Asking the Questions

I just read an article about a couple in KC named the Pruitts who are starting new careers in the independent film-making world -- creating "movies made by Christians rather than Christian movies". That phrase banged a gong in my mind. My NJ friend Randy and I had a conversation once about not wanting to do "Christian theater", but to be a Christian in theater. Aha -- a kindred spirit, as Anne of Green Gables would say.

The article refers to a book by Paul Marshall called Heaven is Not My Home. A quick reading of a few reviews of the book gives me some concern, but Marshall's ideas that they mention in the article I like. Ideas about art (such as film and theater) and Christians. " . . Most people who watch Christian movies are, well, Christians. Those who aren't are either unaware these movies exist or hate them." True dat.

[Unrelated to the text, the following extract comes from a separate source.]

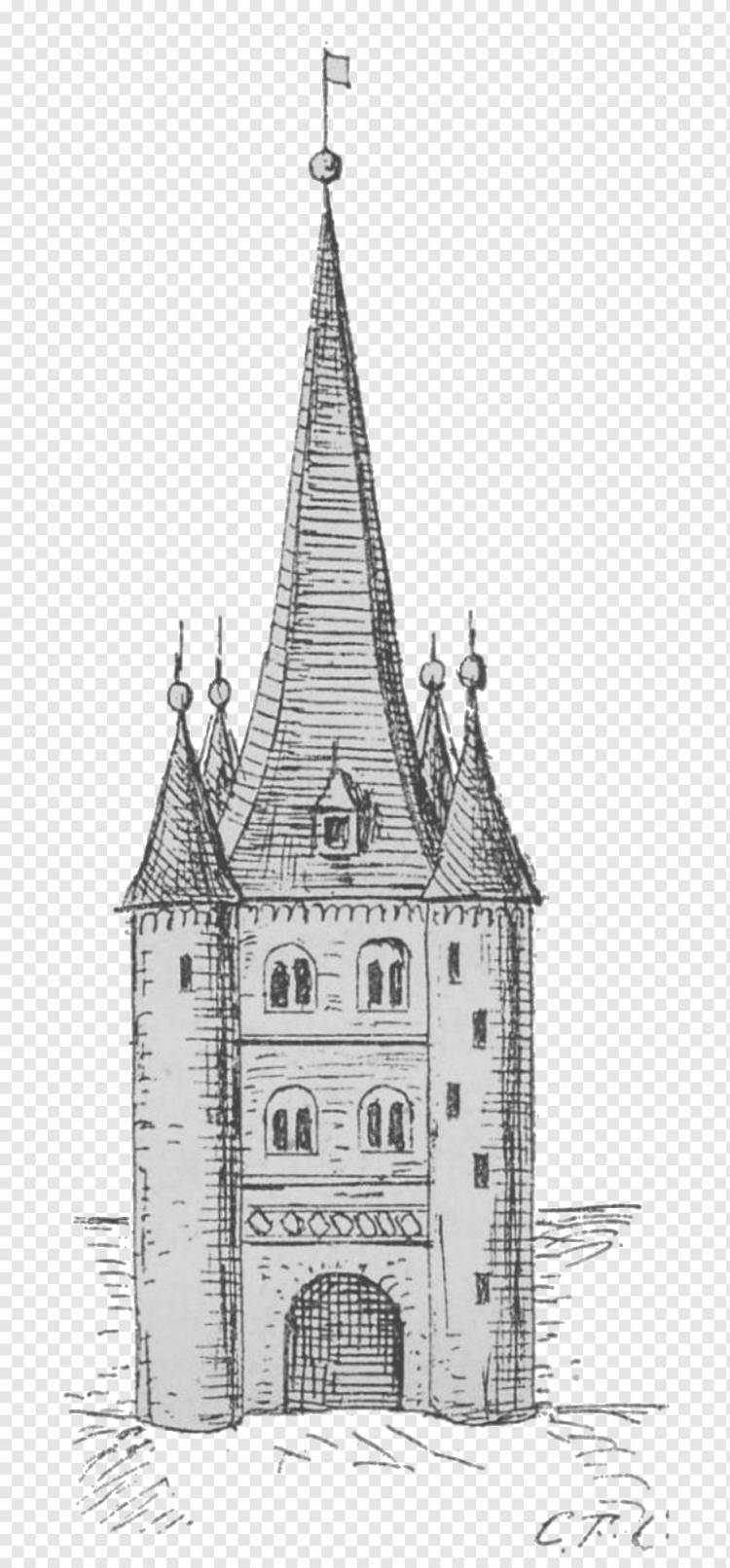 Башня Средневековая архитектура Рисование Готическая архитектура Здание, гамбургская печать, здание, монохромный, средневековая архитектура png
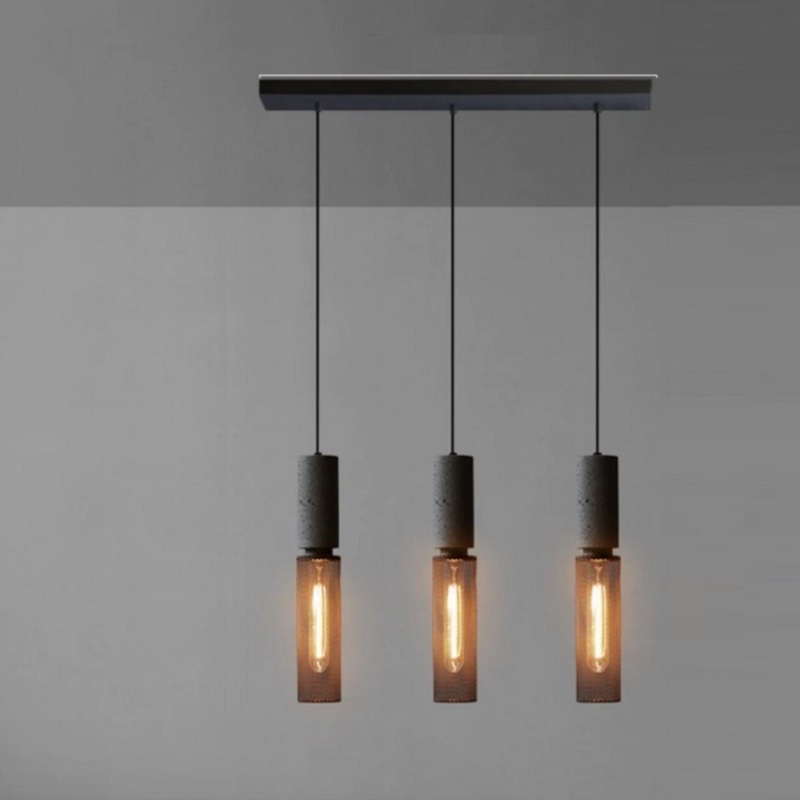 Zjawiskowa Lampa Wisząca Cement Loft Podłużna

I always struggled with what to say about Fireproof and Facing the Giants. I kind of enjoyed the movies -- they had some particularly well-done and poignant scenes. But they had some other scenes that were just awful, honestly. Terrible acting -- so obviously amateurish. And the "gospel presentation" is too . . gosh, I can't quite think of the words. Simplistic. Unreal. Preachy. Preachy because it's so obvious that's the real reason the movie was made -- to "trick" someone into hearing a gospel presentation. They are "thinly veiled sermons" that "follow an evangelistic formula." So true dat.

And they do this because "we are impatient with the allusion, the gesture, the suggested, and latent. We want the straight-forward sermon, not the implied question." A-men. But as Marshall continues, a good film is "always allusive, suggestive, and alluring; it hints, it frames, and it touches. It does not come right out and state the case; it does not argue." A-MEN.

As Randy said (and I'm paraphrasing), theater is really good at asking the questions, but it really sucks at giving the answers. And many Christians are uncomfortable with that because they are afraid of leaving critical questions unanswered. We're always afraid that we will miss that one golden opportunity to lead someone to Christ.

Who was it that said, "They don't believe Jesus is the answer because they aren't asking the questions"? I believe there is tremendous value in theater (and film) that draws the viewer to the right questions, even without offering answers. Theater that walks them that one step closer to knowing God. And THAT is the kind of theater I ultimately want to be involved in creating.